Wednesday, October 17, 2012
The Atrium (Hyatt Regency)
Poster Board # 32
INFORMS (INF), Health Services, and Policy Research (HSP)
Candidate for the Lee B. Lusted Student Prize Competition
Bart S. Ferket, MD1, Bob J.H. van Kempen, MSc1, Ewout W. Steyerberg, PhD2, Oscar H. Franco, MD, PhD, FESC, MFPH3, Wendy Max, PhD4, Kirsten E. Fleischmann, MD, MPH5 and M.G. Myriam Hunink, MD, PhD6, (1)Erasmus MC, Rotterdam, Netherlands, (2)Department of Public Health, AE 236, Rotterdam, Netherlands, (3)Erasmus MC, University Medical Center Rotterdam, Rotterdam, Netherlands, (4)University of California, San Francisco, San Francisco, CA, (5)UCSF Medical Center, San Francisco, CA, (6)Erasmus University Medical Center, Rotterdam, Netherlands
Purpose: To evaluate the added value of a novel cardiovascular risk marker beyond traditional Framingham risk functions in the absence of longitudinal data by combining cross-sectional data and meta-analysis in a Markov model. Method:
A Monte Carlo-Markov model was developed consisting of three health states: 1) alive and disease-free, 2) post-coronary heart disease (CHD) or stroke, and 3) death. Transition probabilities were calculated with the Framingham 30-year cardiovascular risk function, based on the traditional Framingham risk factors and took into account competing non-cardiovascular death risk. The Framingham risk function was updated with the CT coronary calcium score (CTCS) and three other novel risk markers using meta-analyses of the novel risk markers' independent hazard ratios and cross-sectional risk marker values of 3,736 asymptomatic National Health and Nutrition Examination Survey (NHANES) subjects.
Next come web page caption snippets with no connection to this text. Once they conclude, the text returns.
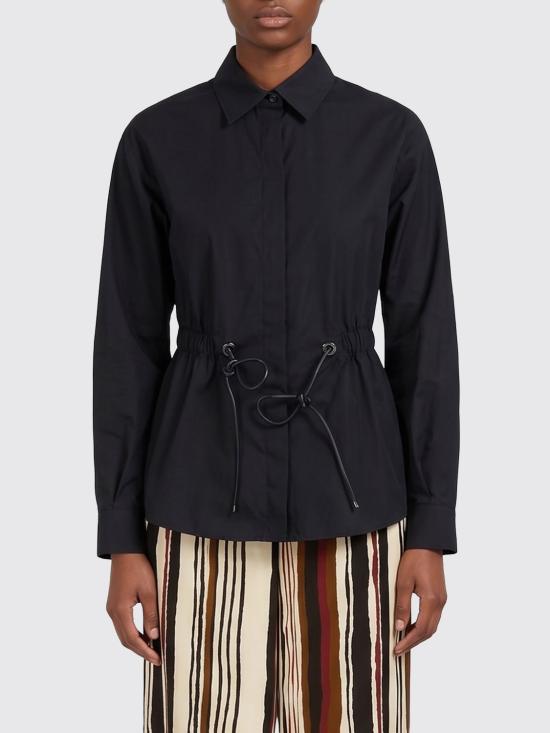 26SS 막스마라 Tazzina 드로스트링 셔츠 2611111052600 005 Black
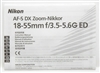 Excellent Nikon AF-S DX Zoom-Nikkor ED 18-55mm f3.5-5.6 G ED Manual #P4769
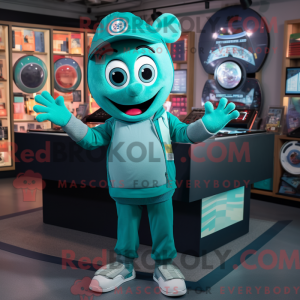 Disfraz de mascota Teal...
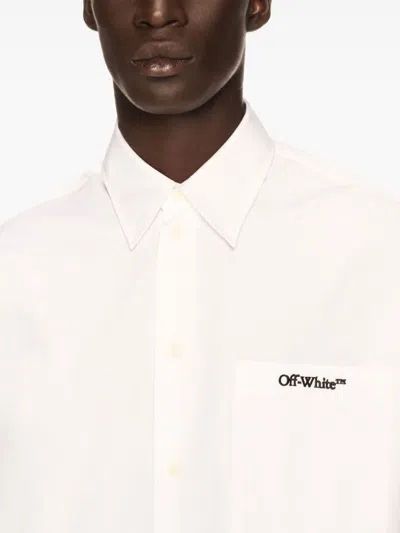 Off-white Off White Men Diag Outl Shirt Jacket In White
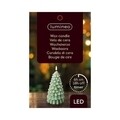 Lumanare cu LED Tree, Lumineo, 10x21 cm, verde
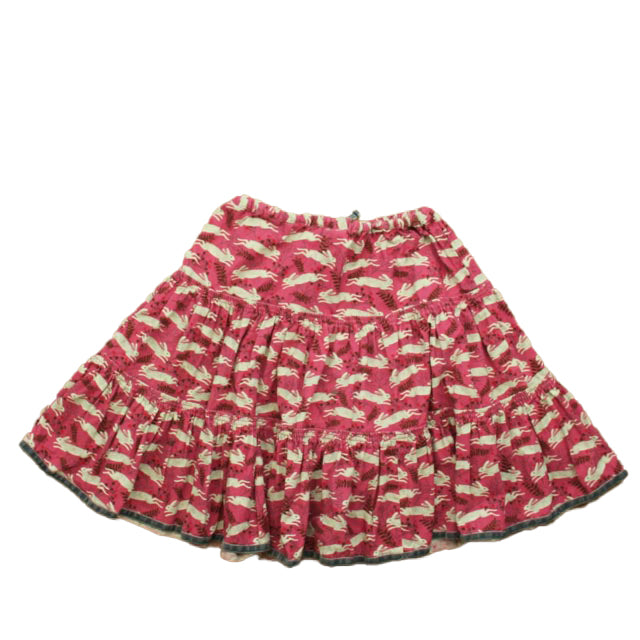 Boden Girls Pink Rabbits Skirt Size: 11-12 Years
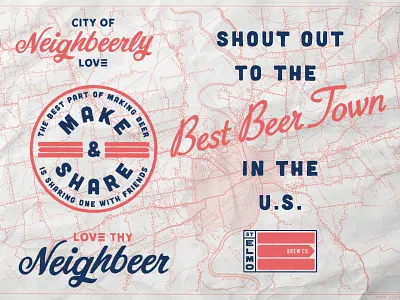 Austin Beer Guide ad concepts for St. Elmo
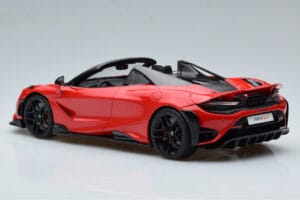 McLaren 765LT Spider Червен GT Spirit 1:18 GT420 Смола — снимка 5 от 6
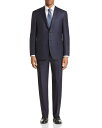 カナーリ メンズ ジャケット・ブルゾン アウター Siena Sharkskin Classic Fit Suit Blue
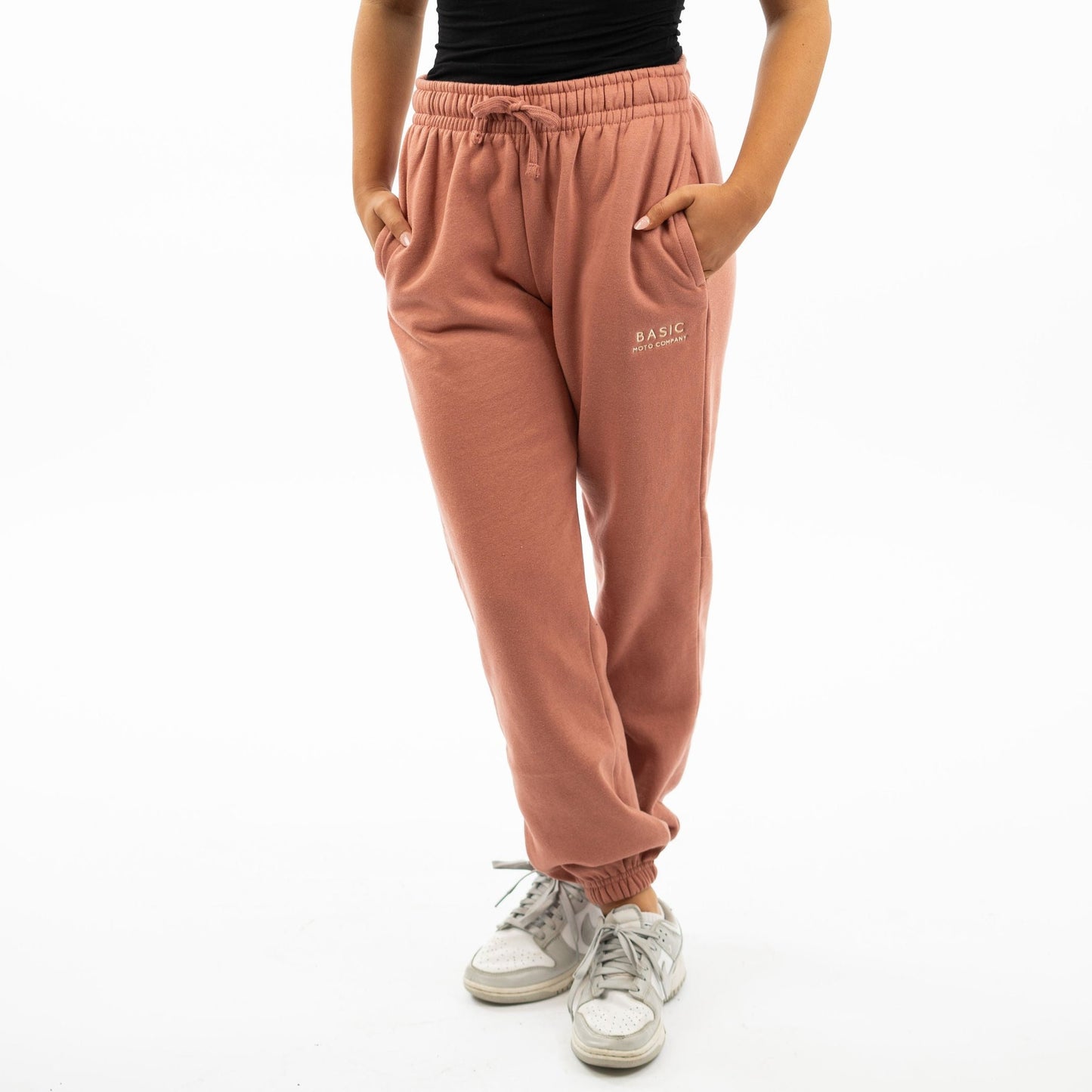 BASIC - Women's Sweatpants - Rust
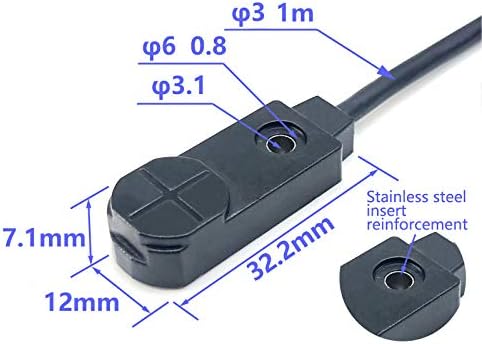 TAIDACENT 3 FIO DC12 ~ 24V MINI METAL DE PROMIMIDADE DE PROMIMIDADE DO TIPO DE LIMITE CUMPELA INTERRUPTORIA DE ÓLEO DE ÓLEO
Events simulated with the Monte-Carlo Markov model with all 4 novel risk markers were used as a proxy for observed event rates. For each NHANES subject, we calculated 10-year CHD risks using the Framingham risk function with and without CTCS. The original and updated predictions were used to classify and reclassify subjects into: <10% (low), 10-20% (intermediate) or ≥20% (high) risk categories. We subsequently simulated the 10- and 30-year CHD-free survival. We constructed reclassification tables and calculated the net reclassification improvement (NRI) and Harrell's C-statistic using simulated time-to-event data. To take into account parameter uncertainty, hazard ratios of novel risk markers were randomly sampled from lognormal distributions. Results:
Of the 3,736 subjects (median age 53 years ICR 46 - 63, 48% male), 2,999 (80%) were at low, 525 (14%) at intermediate, and 212 (6%) at high CHD risk. Reclassification occurred most often in those at intermediate CHD risk: 205 (39%) moved to the low and 143 (27%) moved to the high CHD risk category with the updated risk function (Table). In these subjects, the simulated 10 (and 30)-year CHD risk was 5.6% (24.4%) and 30.8% (66.8%), respectively. The NRI was 0.20 (95%CI -0.07 - 0.42) and the C-statistic increased from 0.84 (95%CI 0.81-0.86) to 0.87 (95%CI 0.82-0.89) by adding CTCS to the Framingham risk function. Conclusion:
In absence of longitudinal data, the added predictive value of a novel risk marker can be evaluated using a Monte Carlo-Markov model combining cross-sectional data and meta-analysis.